Easter Island - Middle of nowhere!
Why is this important?
Even if you didn't ask, I feel like I should probably tell you anyway. The isolation of the island made life difficult for the islanders in two important ways. Not only did it make communication with other Polynesian colonies difficult but it also made it relatively deficient in biota:
- Flenley (1993) reports only 48 plant taxa for the island, fourteen of which were introduced by Polynesians
- Few if any indigenous terrestrial vertebrates with just two lizard species being native to the island (Klemmer and Zizka, 1993 cited in Hunt 2007)
- Steadman et. al. (1994 cited in Hunt 2007) report just 25 seabird species
- Diamond (2005) documents just 127 species of fish compared to over 1000 species at Fiji
Similarly, the subtropical location of the island brings a lot of negatives for the colonists. As all other Polynesian colonies were far closer to the equator, many crops they brought over to Easter grew poorly there, such as coconuts (Diamond 2005) or breadfruits (Hunt 2007). Furthermore, this cooler climate meant the ocean surrounding the island could not support coral reefs as other Polynesian islands could, greatly reducing the amount of fish and shellfish available to them.

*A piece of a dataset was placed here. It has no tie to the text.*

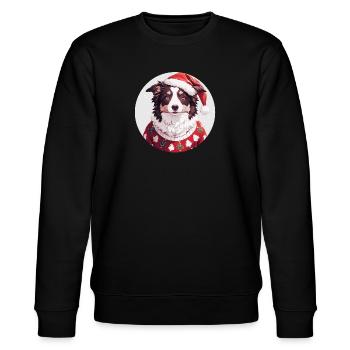 Christmas motif with Border Collie - Stanley/Stella CHANGER Unisex Organic Sweatshirt - black - Front - Nik (191cm) & Marisol (170cm)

Finally, the relatively low amount of rainfall has obvious implications, as the islanders would have had to put a considerable amount of effort into obtaining freshwater with such a limited supply. As Hunt (2007:486) comments, not only was the rainfall limited but it could also "fluctuate dramatically" and "serious droughts could have been a significant problem" due to the low rainfall and excessive drainage of Easter's soils. Additionally, strong and salty winds would have had a devastating impact on agriculture (Hunt 2007) as well as causing breadfruits that could grow to drop before they were ripe (Diamond 2005).

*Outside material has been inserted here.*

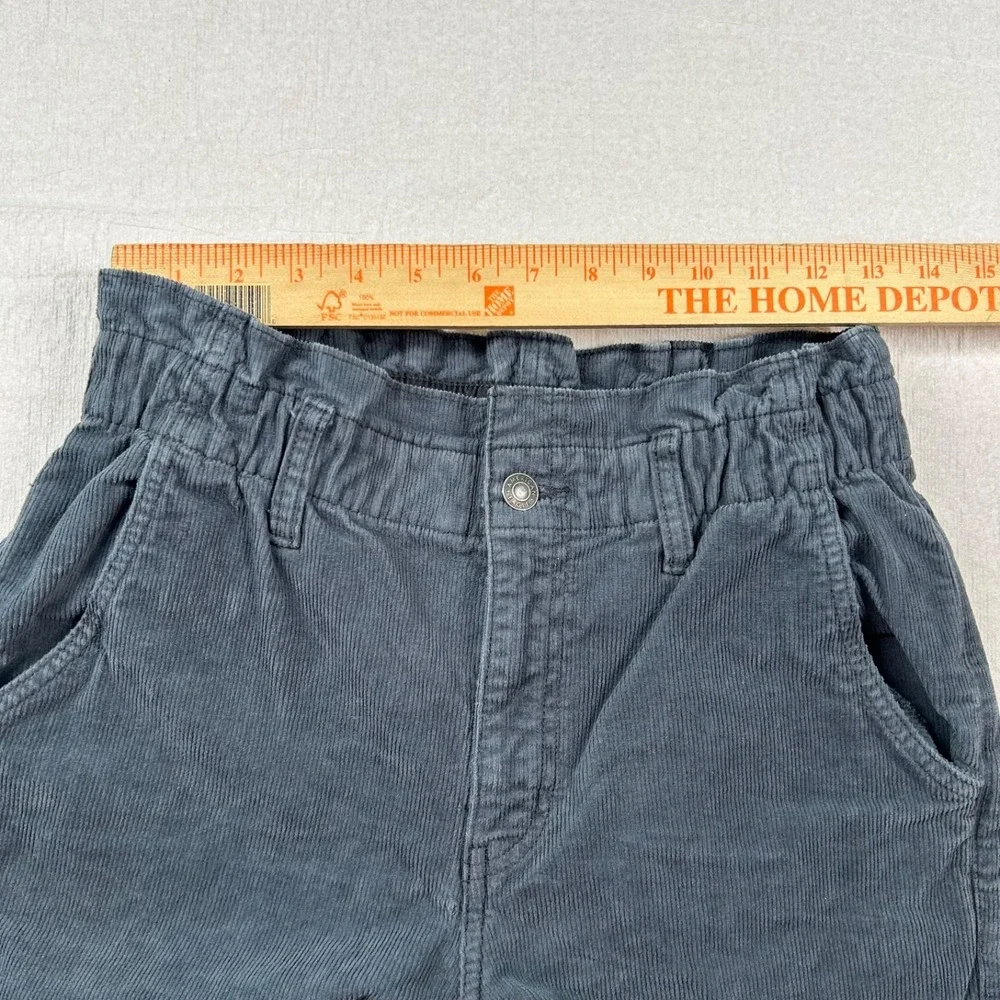 American Eagle Barrel Jeans Womens 2 Corduroy Stretch Gray Paperbag Waist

From this overview we can see that the Polynesians that settled on Easter would have had a comparatively hard time surviving there than on many of the other islands in the south Pacific. Not only were resources relatively limited, the weather was against them, they had little ability to remain in contact with other islands and many crops and foods they brought to the island were ill suited to it's climate. However it is clear, purely by the fact that the islanders were around for many hundreds of years to follow, that they could adapt to these problems - to an extent, at least.